A private limited company is a voluntary association of not less than two and not more than two hundred members, whose liability is limited, the transfer of whose shares is limited to its members and who is not allowed to invite the general public to subscribe to its shares or debentures. Its main features are :-

  • It has an independent legal existence. Companies Act, 2013 contains the provisions regarding the legal formalities for setting up of a private limited company.
  • The liability of its members is limited.
  • The shares allotted to it's members are also not freely transferable between them. These companies are not allowed to invite public to subscribe to its shares and debentures.
  • It enjoys continuity of existence i.e. it continues to exist even if all its members die or desert it.
  • Hence, a private company is preferred by those who wish to take the advantage of limited liability but at the same time desire to keep control over the business within a limited circle and maintain the privacy of their business.

Advantages

  • Continuity of existence
  • Limited liability
  • Less legal restrictions

Disadvantages

  • Shares are not freely transferable
  • Not allowed to invite public to subscribe to its shares
  • Scope for promotional frauds
  • Undemocratic control

A public limited company is a voluntary association of members which is incorporated and, therefore has a separate legal existence and the liability of whose members is limited. Its main features are :-

  • The company has a separate legal existence apart from its members who compose it
  • Its formation, working and its winding up, in fact, all its activities are strictly governed by laws, rules and regulations. Companies Act, 2013 contains the provisions regarding the legal formalities for setting up of a public limited company.
  • A company must have a minimum of seven members but there is no limit as regards the maximum number.
  • The shares of a company are freely transferable and that too without the prior consent of other shareholders or without subsequent notice to the company.
  • The liability of a member of a company is limited to the face value of the shares he owns. Once he has paid the whole of the face value, he has no obligation to contribute anything to pay off the creditors of the company.
  • The shareholders of a company do not have the right to participate in the day-to-day management of the business of a company.
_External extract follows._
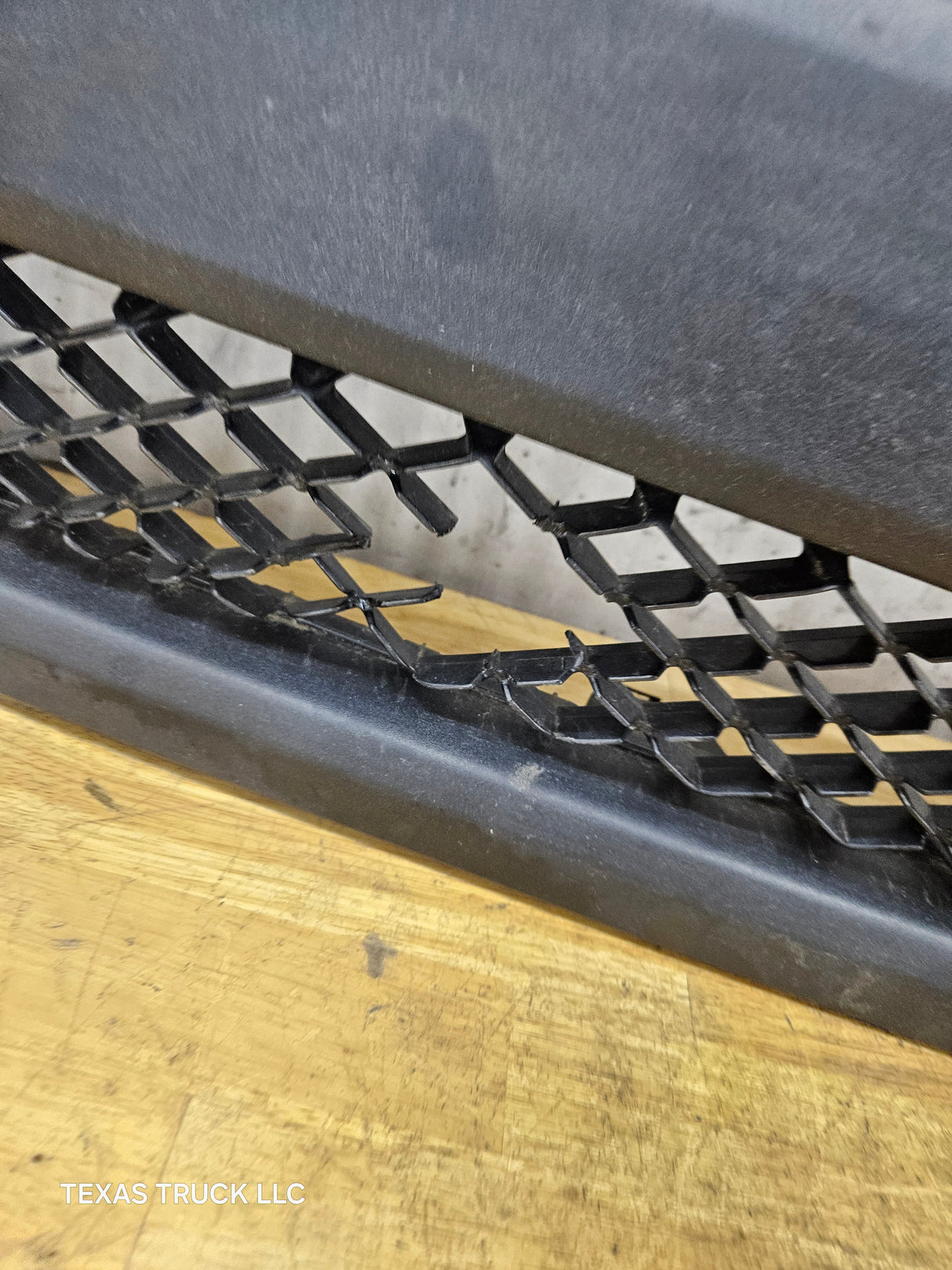 2007-2013 Chevrolet Silverado 1500 Black Grille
This ensures separation of ownership from management. The power of decision making in a company is vested in the Board of Directors, and all policy decisions are taken at the Board level by the majority rule. This ensures a unity of direction in management.
  • As a company is an independent legal person, its existence is not affected by the death, retirement or insolvency of any of its shareholders.

Advantages

  • Continuity of existence
  • Larger amount of capital
  • Unity of direction
  • Efficient management
  • Limited liability

Disadvantages

  • Scope for promotional frauds
  • Undemocratic control
  • Scope for directors for personal profit
  • Subjected to strict regulations

The major difference between Private Limited Company & Limited :

  • In Private Limited Company the shareholders comprise of close group of friends and relatives.
  • A Private Limited company cannot make an offer for public to subscribe its shares. Whereas a Limited Company can give an advertisement and invite general public to subscribe for its shares.
  • Basically a Private Limited company is a corporate version of partnership firm where as a Public Limited company is a full-fledged corporate body.
  • For a Private Limited company minimum 2 shareholders are required whereas for Public Limited Company minimum 7 shareholders are required.
  • A shareholder of a Public Limited company can transfer his shares freely at the stock exchange where the shares are listed whereas in a Private Limited Company a shareholder cannot transfer his shares without the consent of other shareholders.
  • Also shares of the Private Limited company cannot be listed on stock exchanges and hence cannot be traded there like shares of a Public Limited company.